The two data sets, games and costs, were merged on the common Year variable using left_join to keep all observations in games and add the matching rows in costs.
olympic <- left_join(games4, costs1, by = "Year")
print.data.frame(head(olympic))
Number Year City.x Country.x Nations Total Competitors Sports Events.x City.y Country.y Type Events.y Athletes
1 I 1896 Athens Greece 14 241 9 43 <NA> <NA> <NA> NA NA
2 II 1900 Paris France 24 997 19 85 <NA> <NA> <NA> NA NA
3 III 1904 St. Louis United States 12 651 16 94 <NA> <NA> <NA> NA NA
4 IV 1908 London United Kingdom 22 2008 22 110 <NA> <NA> <NA> NA NA
5 V 1912 Stockholm Sweden 28 2407 14 102 <NA> <NA> <NA> NA NA
6 VI 1916 Berlin Germany NA NA NA NA <NA> <NA> <NA> NA NA
Cost in Billions (USD)
1 NA
2 NA
3 NA
4 NA
5 NA
6 NA
Scanned for missing values in data set per column and row. Then, narrowed search to Cost in Billions (USD) column and removed all observations that are missing a value in this column. This column will be needed for later tasks, so it is important that there is a value here. Lastly, checked that all observation were not missing any values.
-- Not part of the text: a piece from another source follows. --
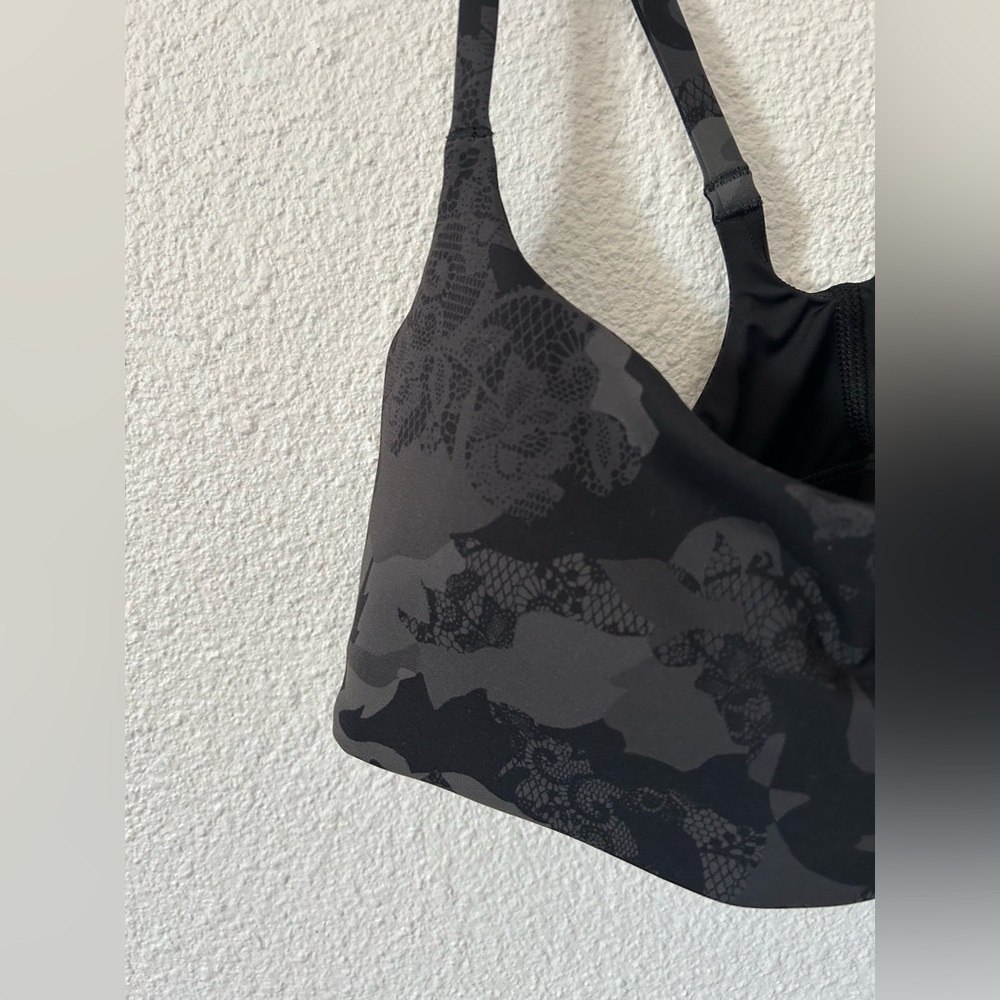 Wunder Train Strappy Racer Bra - Hidden Heritage Lace Black sz 6 - Picture 4 of 10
# Scanning for missing values per column
colSums(is.na(olympic))
Number Year City.x Country.x Nations Total Competitors
0 0 2 2 6 6
Sports Events.x City.y Country.y Type Events.y
5 5 19 19 19 19
Athletes Cost in Billions (USD)
19 22
# Scanning for missing values per row
rowSums(is.na(olympic))
[1] 6 6 6 6 6 10 6 6 6 6 6 10 10 6 6 6 1 0 1 0 0 0 0 1 0 0 0 0 0 0 0 8 12 12
# Searching for observations with a missing cost data
is.na(olympic$`Cost in Billions (USD)`)
[1] TRUE TRUE TRUE TRUE TRUE TRUE TRUE TRUE TRUE TRUE TRUE TRUE TRUE TRUE TRUE TRUE TRUE FALSE TRUE FALSE FALSE FALSE
[23] FALSE TRUE FALSE FALSE FALSE FALSE FALSE FALSE FALSE TRUE TRUE TRUE
# Create vector of all rows that are missing a value in the 'Cost in Billions (USD)' column
nocost <- which(is.na(olympic$`Cost in Billions (USD)`))
nocost
[1] 1 2 3 4 5 6 7 8 9 10 11 12 13 14 15 16 17 19 24 32 33 34
# Deleting all observations without cost data
olympic1 <- olympic[-nocost,]
print.data.frame(head(olympic1))
Number Year City.x Country.x Nations Total Competitors Sports Events.x City.y Country.y Type Events.y Athletes
1 XVIII 1964 Tokyo Japan 93 5151 19 163 Tokyo Japan Summer 163 5152
2 XX 1972 Munich Germany 121 7134 21 195 Munich Germany Summer 195 7234
3 XXI 1976 Montreal Canada 92 6084 21 198 Montreal Canada Summer 198 6048
4 XXII 1980 Moscow Soviet Union 80 5179 21 203 Moscow Soviet Union Summer 203 5179
5 XXIII 1984 Los Angeles United States 140 6829 21 221 Los Angeles United States Summer 221 6829
6 XXV 1992 Barcelona Spain 169 9356 25 257 Barcelona Spain Summer 257 9356
Cost in Billions (USD)
1 0.282
2 1.009
3 6.093
4 6.331
5 0.719
6 9.687
# Checking for any incomplete rows
complete.cases(olympic1)
[1] TRUE TRUE TRUE TRUE TRUE TRUE TRUE TRUE TRUE TRUE TRUE TRUE
Of the two merged data sets, one had data for Olympic Games from 1896-2028 and the other had data only from Olympic Games from 1960-2016. Information about costs of running the Olympics is only found in the data set from 1960-2016. Therefore, all observations without values in the ‘Cost in Billions (USD)’ column were deleted as they either don’t have sufficient data on them (1896-1956) or they have not occurred yet (2020-2028). This leaves a data set with no missing values.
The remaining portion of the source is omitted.